Unlocking the Power of Extreme Gradient Boosting with SAP IBP 2402

This article is part of SAP IBP Hands-On Series by?Bolders Consulting Group, where consultants write about practical, real-world applications and share insider tips on effectively using SAP Integrated Business Planning. Each piece in this series draws from direct expertise of our consultants, offering unique insights and actionable strategies for optimizing your supply chain management.

Greetings, dear readers. With the recent launch of SAP IBP 2402, SAP has introduced several impressive functionalities tailored to different business requirements. Notably, the integration of the extreme gradient boosting algorithm into demand planning is one among the key functionalities. In this article, I aim to provide concise insights for the conceptual understanding of XG Boost, as it can be challenging for people to grasp the underlying principles of gradient boosting algorithms. Given the similarities between gradient boosting and XG Boost, both leveraging multiple independent variables and prediction factors, understanding the conceptual intricacies is paramount. Accordingly, I will elucidate the process through which XG Boost generates final predictions before delving into the specific settings introduced in SAP IBP 2402.

In this blog, I have intentionally maintained a focus on providing qualitative content to offer readers a comprehensive understanding of the extreme gradient boosting algorithm. Given the specificity of the blog to SAP, my aim is to align the content closely with the documentation available from SAP while ensuring clarity and depth. If you find this topic interesting, I welcome your feedback.

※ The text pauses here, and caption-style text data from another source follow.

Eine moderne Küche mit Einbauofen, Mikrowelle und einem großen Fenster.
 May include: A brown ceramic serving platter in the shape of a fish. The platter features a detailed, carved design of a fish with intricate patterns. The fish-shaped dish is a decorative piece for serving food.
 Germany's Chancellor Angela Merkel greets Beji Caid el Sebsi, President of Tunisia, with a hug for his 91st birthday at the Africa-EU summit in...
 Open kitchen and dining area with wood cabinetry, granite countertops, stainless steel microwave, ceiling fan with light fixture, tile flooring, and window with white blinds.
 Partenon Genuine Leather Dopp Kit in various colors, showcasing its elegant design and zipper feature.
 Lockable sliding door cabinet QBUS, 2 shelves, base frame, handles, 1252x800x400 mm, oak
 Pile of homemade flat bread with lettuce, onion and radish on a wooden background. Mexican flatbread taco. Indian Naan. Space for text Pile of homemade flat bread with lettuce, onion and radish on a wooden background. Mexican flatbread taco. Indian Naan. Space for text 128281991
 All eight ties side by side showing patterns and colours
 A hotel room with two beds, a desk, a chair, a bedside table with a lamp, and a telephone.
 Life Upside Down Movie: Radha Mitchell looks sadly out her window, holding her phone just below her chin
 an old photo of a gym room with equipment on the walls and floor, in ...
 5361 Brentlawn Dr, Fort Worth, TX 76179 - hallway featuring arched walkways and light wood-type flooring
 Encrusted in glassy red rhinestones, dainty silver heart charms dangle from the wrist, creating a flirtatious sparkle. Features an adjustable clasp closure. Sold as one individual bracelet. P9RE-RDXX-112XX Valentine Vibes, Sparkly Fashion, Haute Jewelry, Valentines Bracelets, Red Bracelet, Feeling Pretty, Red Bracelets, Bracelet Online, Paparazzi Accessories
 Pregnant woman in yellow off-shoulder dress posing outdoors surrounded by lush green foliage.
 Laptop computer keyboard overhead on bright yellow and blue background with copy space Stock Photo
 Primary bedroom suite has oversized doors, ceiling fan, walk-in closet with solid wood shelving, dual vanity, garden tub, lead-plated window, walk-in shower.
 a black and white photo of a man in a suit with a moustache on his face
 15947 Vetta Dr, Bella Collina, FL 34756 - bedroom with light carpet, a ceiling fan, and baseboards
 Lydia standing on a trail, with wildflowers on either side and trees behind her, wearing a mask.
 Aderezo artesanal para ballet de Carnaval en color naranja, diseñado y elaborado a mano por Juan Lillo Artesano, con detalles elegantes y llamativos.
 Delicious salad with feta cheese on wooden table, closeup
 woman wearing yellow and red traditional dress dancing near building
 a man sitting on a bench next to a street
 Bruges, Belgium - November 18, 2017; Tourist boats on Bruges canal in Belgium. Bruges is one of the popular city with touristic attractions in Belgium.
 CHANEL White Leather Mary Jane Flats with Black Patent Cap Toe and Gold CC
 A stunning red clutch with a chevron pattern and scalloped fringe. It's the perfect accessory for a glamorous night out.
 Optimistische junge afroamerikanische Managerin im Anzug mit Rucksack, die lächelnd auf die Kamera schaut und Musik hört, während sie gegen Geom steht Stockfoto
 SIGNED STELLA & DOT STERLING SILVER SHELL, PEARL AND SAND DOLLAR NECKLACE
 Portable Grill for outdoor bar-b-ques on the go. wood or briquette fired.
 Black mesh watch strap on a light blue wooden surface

So that I can write a separate blog post dedicated to exploring the foundational mathematics behind extreme gradient boosting, which will be applicable beyond the scope of SAP. Please feel free to leave a comment if you would like to see this topic covered in future posts.

Deciphering Machine learning fundamentals: Regression, Classification, Clustering

In the context of machine learning, understanding patterns, making predictions and extracting insights from data are paramount. Three fundamental techniques regression, classification and clustering play vital role in achieving these objectives. Be in predicting the future sales or segmenting your products in your supply chain. Regression and classification are termed as supervised learning (Using input & output data to form predictions), where as clustering is termed as unsupervised learning (Using data to uncover underlying patterns).

Extreme gradient boosting is an ensemble machine learning algorithm (Combining multiple individual models in the form of decision trees) to create a more robust predictive model that supports with both regression (Data with continuous pattern, example: Historical sales vs Statistical forecast) and classification data (Data with categorical variables, example: predicting stock out risk with output variable being binary (yes or no)).

Discerning Boosting landscape:

There are different ensemble machine learning techniques such as Bagging, Boosting, and Stacking offer powerful methods for improving predictive performance. In this discussion, the focus is on Boosting, a method that iteratively builds subsequent weak learners by learning from past mistakes. With each iteration, Boosting corrects errors from previous models, taking small steps toward the optimal solution. This iterative process focuses on minimizing the loss function by assigning greater weight to misclassified data from preceding models using gradient descent algorithm. While this explanation already delves into bit of technical details, subsequent sections will provide more clarity and further simplify the concepts.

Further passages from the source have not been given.